Checkpoint inhibitors are drugs that block certain proteins (such as PD-1 or CTLA-4) that prevent immune responses. Checkpoint inhibitors work by blocking checkpoint proteins from binding with their partner proteins. This switches back on the body’s immuno-surveillance capabilities which are turned off when cancer develops, thus allowing the T-cells to kill cancer cells.

INT uses individually tailored vaccines, which should have a greater chance of success, as it is specifically created for the individual undergoing treatment.
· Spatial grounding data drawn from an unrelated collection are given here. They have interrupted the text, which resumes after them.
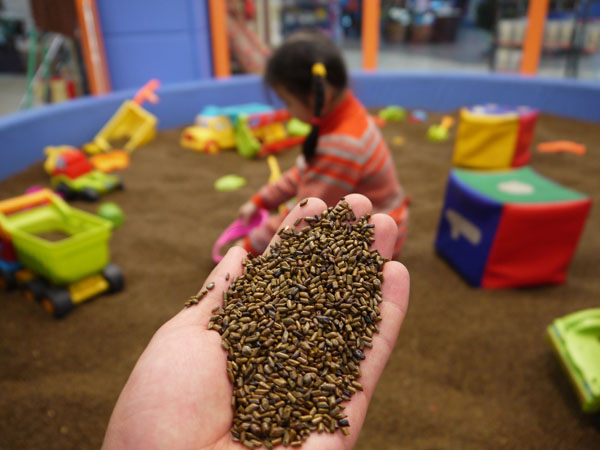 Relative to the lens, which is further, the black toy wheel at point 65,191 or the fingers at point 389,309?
the black toy wheel at point 65,191

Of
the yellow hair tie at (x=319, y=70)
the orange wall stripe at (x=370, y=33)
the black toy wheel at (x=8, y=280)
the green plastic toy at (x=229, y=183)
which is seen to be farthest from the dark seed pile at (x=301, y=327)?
the orange wall stripe at (x=370, y=33)

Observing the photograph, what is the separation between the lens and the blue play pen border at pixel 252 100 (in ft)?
9.87

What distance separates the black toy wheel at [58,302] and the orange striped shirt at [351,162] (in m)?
0.94

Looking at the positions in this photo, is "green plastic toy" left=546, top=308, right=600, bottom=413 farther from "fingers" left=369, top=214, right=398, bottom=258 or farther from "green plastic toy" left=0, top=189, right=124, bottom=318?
"green plastic toy" left=0, top=189, right=124, bottom=318

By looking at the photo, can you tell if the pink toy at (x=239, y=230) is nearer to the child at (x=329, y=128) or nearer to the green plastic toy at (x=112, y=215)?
the child at (x=329, y=128)

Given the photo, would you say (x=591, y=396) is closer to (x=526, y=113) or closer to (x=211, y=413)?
(x=211, y=413)

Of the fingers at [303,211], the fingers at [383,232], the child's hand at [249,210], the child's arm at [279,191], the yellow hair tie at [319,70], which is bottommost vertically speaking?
the child's hand at [249,210]

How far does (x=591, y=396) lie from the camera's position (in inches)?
48.9

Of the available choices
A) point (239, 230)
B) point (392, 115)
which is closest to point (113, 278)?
point (239, 230)

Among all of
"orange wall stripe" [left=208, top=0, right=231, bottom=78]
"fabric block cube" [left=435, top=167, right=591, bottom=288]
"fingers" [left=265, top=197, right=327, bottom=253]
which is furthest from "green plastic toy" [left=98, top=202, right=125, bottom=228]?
"orange wall stripe" [left=208, top=0, right=231, bottom=78]

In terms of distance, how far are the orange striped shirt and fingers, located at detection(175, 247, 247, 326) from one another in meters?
0.58

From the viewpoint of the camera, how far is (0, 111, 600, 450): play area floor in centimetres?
127

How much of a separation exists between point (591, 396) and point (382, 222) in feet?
2.82

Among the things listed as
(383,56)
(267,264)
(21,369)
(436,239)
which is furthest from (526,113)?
(21,369) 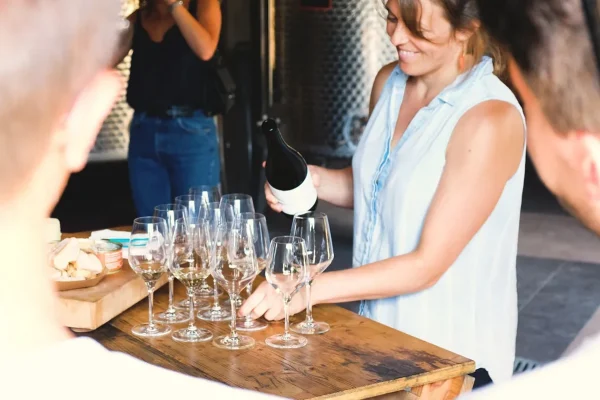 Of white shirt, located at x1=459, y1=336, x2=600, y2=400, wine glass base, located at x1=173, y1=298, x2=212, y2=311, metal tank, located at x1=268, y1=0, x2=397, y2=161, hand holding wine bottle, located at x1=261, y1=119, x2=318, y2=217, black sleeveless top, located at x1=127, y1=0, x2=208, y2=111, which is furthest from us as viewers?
metal tank, located at x1=268, y1=0, x2=397, y2=161

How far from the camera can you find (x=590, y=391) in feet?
2.10

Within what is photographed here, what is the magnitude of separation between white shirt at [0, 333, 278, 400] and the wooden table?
77 cm

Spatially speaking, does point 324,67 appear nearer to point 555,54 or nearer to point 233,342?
point 233,342

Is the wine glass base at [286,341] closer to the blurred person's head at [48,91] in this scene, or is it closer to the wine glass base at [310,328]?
the wine glass base at [310,328]

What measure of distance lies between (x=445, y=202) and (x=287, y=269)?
0.44 meters

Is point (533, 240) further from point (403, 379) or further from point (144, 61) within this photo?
point (403, 379)

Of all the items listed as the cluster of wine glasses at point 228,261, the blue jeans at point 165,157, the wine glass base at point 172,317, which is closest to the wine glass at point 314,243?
the cluster of wine glasses at point 228,261

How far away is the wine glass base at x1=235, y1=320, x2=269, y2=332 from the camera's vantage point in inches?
71.6

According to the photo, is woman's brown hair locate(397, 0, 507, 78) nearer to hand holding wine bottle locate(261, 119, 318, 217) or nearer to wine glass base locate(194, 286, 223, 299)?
hand holding wine bottle locate(261, 119, 318, 217)

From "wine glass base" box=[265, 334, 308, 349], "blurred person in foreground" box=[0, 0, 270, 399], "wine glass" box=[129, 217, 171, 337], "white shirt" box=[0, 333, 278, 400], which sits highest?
"blurred person in foreground" box=[0, 0, 270, 399]

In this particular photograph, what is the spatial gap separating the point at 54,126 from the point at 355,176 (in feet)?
5.85

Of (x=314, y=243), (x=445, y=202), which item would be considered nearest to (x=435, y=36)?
(x=445, y=202)

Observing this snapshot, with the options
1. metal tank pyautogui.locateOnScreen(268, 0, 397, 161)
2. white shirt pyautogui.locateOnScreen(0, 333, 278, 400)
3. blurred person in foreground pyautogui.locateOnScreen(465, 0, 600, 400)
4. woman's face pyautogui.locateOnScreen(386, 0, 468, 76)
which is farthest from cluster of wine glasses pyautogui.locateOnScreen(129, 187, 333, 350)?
metal tank pyautogui.locateOnScreen(268, 0, 397, 161)

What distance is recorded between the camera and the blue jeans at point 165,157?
3.47m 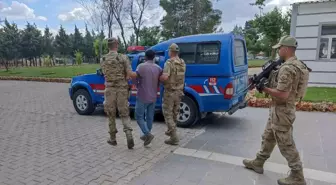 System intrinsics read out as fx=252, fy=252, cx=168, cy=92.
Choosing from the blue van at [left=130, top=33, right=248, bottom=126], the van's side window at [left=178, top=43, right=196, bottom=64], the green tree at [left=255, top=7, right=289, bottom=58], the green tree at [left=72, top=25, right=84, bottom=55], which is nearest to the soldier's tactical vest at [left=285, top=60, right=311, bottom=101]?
the blue van at [left=130, top=33, right=248, bottom=126]

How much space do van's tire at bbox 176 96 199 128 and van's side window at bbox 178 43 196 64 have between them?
0.82 m

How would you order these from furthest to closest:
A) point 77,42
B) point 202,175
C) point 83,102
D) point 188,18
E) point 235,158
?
point 77,42, point 188,18, point 83,102, point 235,158, point 202,175

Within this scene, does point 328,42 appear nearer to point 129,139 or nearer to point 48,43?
point 129,139

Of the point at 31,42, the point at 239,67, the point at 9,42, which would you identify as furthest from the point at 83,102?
the point at 31,42

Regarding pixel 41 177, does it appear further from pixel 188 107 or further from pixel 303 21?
pixel 303 21

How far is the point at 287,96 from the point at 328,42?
31.8 ft

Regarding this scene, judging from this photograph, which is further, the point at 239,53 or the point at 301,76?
the point at 239,53

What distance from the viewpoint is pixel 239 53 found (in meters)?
5.81

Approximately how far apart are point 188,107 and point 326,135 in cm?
284

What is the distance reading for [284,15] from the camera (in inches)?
669

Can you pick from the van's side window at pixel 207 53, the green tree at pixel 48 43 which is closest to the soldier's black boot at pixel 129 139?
the van's side window at pixel 207 53

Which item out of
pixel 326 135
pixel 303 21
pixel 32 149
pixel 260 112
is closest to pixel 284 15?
pixel 303 21

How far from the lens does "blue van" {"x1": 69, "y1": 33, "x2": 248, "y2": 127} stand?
17.0 ft

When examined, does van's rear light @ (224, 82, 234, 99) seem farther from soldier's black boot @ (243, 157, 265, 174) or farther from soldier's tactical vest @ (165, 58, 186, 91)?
soldier's black boot @ (243, 157, 265, 174) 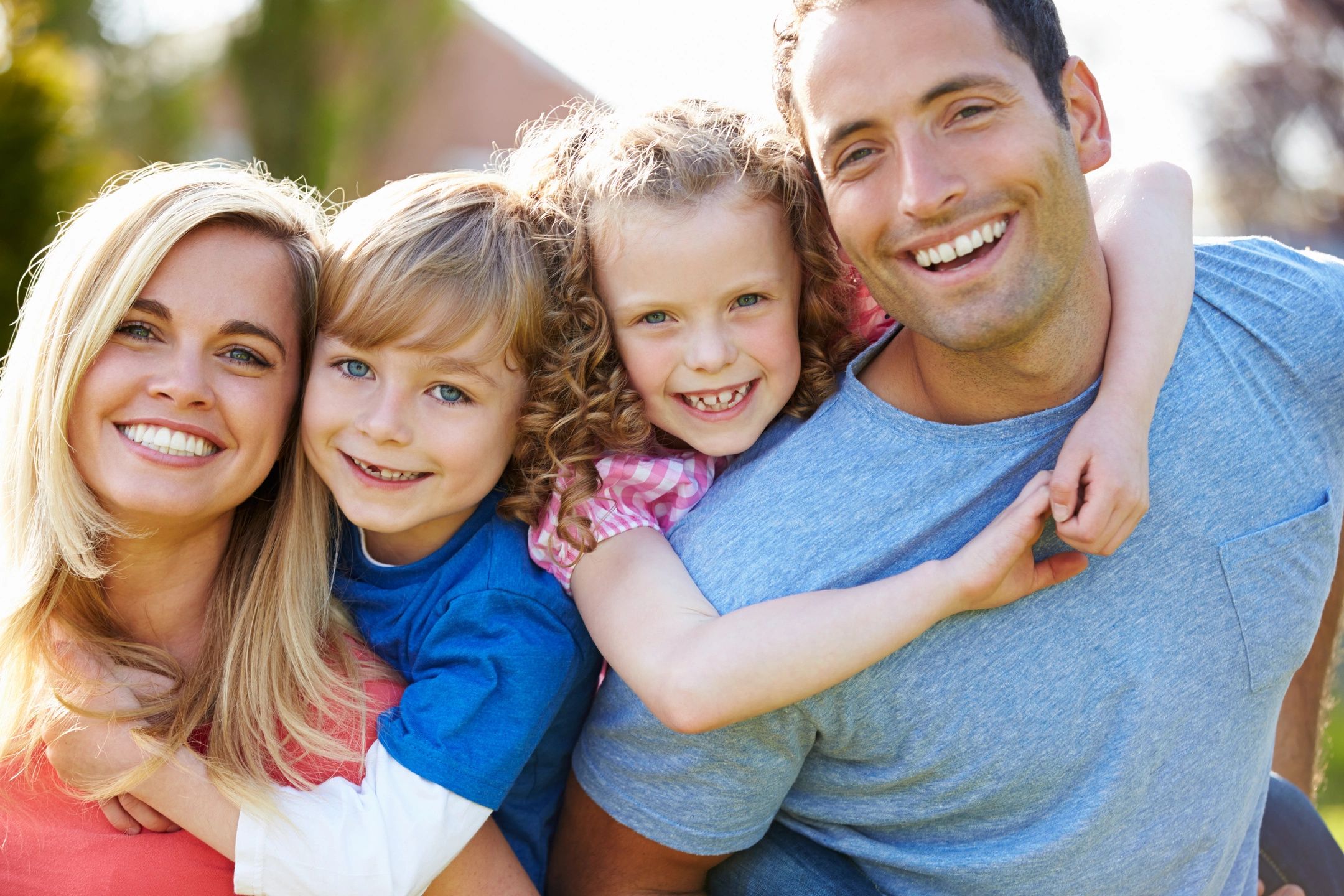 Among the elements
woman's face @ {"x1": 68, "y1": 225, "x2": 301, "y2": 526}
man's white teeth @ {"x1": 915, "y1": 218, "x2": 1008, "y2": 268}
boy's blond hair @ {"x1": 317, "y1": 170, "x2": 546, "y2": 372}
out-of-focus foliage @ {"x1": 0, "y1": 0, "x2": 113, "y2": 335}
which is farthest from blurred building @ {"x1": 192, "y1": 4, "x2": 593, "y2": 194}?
man's white teeth @ {"x1": 915, "y1": 218, "x2": 1008, "y2": 268}

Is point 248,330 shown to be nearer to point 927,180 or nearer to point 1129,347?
point 927,180

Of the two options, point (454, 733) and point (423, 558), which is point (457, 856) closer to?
point (454, 733)

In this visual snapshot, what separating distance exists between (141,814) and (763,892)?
48.8 inches

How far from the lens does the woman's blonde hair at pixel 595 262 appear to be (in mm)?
2404

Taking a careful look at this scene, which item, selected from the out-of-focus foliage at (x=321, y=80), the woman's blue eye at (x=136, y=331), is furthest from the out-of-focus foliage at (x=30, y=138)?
the out-of-focus foliage at (x=321, y=80)

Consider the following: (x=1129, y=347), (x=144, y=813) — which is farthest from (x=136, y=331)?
(x=1129, y=347)

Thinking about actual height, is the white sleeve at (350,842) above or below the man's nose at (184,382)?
below

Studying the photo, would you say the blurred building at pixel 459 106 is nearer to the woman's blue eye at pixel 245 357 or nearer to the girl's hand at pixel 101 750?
the woman's blue eye at pixel 245 357

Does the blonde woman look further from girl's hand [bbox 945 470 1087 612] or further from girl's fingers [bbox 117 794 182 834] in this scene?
girl's hand [bbox 945 470 1087 612]

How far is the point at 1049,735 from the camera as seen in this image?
209 centimetres

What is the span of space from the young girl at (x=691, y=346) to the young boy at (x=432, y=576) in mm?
109

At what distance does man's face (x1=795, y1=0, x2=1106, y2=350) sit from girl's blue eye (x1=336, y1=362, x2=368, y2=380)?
1067 mm

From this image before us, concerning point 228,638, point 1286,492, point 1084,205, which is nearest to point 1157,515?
point 1286,492

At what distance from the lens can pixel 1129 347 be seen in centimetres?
216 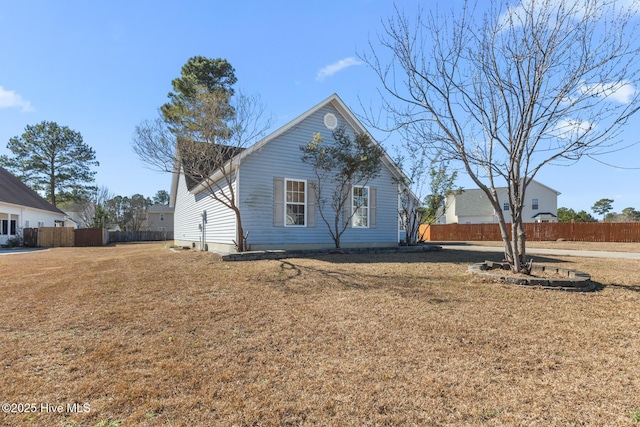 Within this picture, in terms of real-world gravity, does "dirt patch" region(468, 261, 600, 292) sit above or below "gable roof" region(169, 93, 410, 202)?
below

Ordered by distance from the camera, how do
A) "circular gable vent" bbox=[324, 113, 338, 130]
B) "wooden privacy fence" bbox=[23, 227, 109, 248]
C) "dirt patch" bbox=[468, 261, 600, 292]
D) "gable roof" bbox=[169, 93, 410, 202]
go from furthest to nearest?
"wooden privacy fence" bbox=[23, 227, 109, 248]
"circular gable vent" bbox=[324, 113, 338, 130]
"gable roof" bbox=[169, 93, 410, 202]
"dirt patch" bbox=[468, 261, 600, 292]

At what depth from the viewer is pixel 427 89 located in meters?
7.15

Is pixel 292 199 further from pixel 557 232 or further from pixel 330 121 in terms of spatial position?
pixel 557 232

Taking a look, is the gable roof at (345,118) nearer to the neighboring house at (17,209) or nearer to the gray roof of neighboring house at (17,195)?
the neighboring house at (17,209)

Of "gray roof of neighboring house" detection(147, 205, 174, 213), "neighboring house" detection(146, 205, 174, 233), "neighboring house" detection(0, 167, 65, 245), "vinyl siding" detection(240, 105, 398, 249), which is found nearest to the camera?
"vinyl siding" detection(240, 105, 398, 249)

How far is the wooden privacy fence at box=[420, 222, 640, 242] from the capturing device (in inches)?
930

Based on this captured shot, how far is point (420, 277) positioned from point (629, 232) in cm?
2561

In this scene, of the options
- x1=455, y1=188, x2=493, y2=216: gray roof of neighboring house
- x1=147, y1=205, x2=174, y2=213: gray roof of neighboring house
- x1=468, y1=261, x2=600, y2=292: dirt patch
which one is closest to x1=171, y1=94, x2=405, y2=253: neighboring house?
x1=468, y1=261, x2=600, y2=292: dirt patch

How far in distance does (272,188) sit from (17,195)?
957 inches

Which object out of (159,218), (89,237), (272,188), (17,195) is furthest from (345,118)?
(159,218)

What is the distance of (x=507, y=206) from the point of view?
37531mm

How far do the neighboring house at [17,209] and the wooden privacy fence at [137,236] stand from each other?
5210mm

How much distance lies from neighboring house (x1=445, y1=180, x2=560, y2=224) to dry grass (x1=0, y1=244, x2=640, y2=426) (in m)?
32.3

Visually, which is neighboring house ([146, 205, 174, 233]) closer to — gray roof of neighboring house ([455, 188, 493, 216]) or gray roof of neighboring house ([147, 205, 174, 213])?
gray roof of neighboring house ([147, 205, 174, 213]) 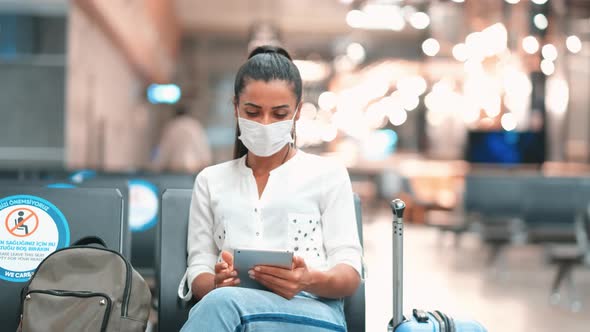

What are the benefits to the patient?

INT targets only cancer-specific neoantigens, minimising damage to healthy tissues. Therefore, the side-effects are kept to a minimum. Also, as tumours evolve and mutate, the vaccine can be updated to target new neoantigens. By activating the immune system, INT aims for durable effects resulting in extended remission or preventing disease recurrence over an extended period.

Clinical Trial

The initial Phase 2 study, published in The Lancet1- Individualised neoantigen therapy mRNA-4157 (V940) plus pembrolizumab versus pembrolizumab monotherapy in resected melanoma (KEYNOTE-942): a randomised, phase 2b study - ScienceDirect demonstrated promising results. It showed people with high-risk melanomas who received the vaccine alongside immunotherapy drug Keytruda, were 49% less likely to die or have their cancer come back after three years than those who just had Keytruda.

An expanded Phase 3 trial has recently launched, and it aims to validate the efficacy and safety of INT on a larger scale. This phase of the global trial will include a wider range of patients, and researchers are hoping to recruit around 1,100 people.

At least 60 to 70 patients across eight UK centres are set to be recruited, and the twin therapy combination will also be tested in lung, bladder and kidney cancer.

The trial is being conducted at University College London Hospital (UCLH), with support from the UK Vaccine Innovation Pathway (VIP). The VIP streamlines clinical trials for personalised mRNA vaccines, demonstrating the UK’s leadership in advancing innovative cancer treatments.

Our CMO view

SCOR Oncology CMO, Professor Eric Raymond makes the following comments.

“To date, vaccinations have been used for a long time for the prevention of cancer such as HPV-induced cervical carcinoma, anal and head and neck tumours and squamous cell carcinoma. 

Currently, mRNA vaccines are entering later stages of clinical development, aimed at triggering the recognition of cancer cells by immune effector cells, and may be soon able to challenge standards of care. mRNA vaccinations represent a major innovation for patients who are not sensitive to current standards of care, and who progressed or relapsed following chemotherapy and classical immunotherapy.”

Significance

INT represents a major leap toward precision medicine, where treatments are tailored to individual patients. If successful, it could further be used to revolutionise melanoma therapy and potentially extend to other cancer types.

INT represents a powerful fusion of genomics, immunology, and personalised medicine. By harnessing the immune system’s potential, we’re inching closer to more effective and targeted cancer therapies with prolonged survival.

SCOR will continue to track the progress of this important trial and update when any new information is published.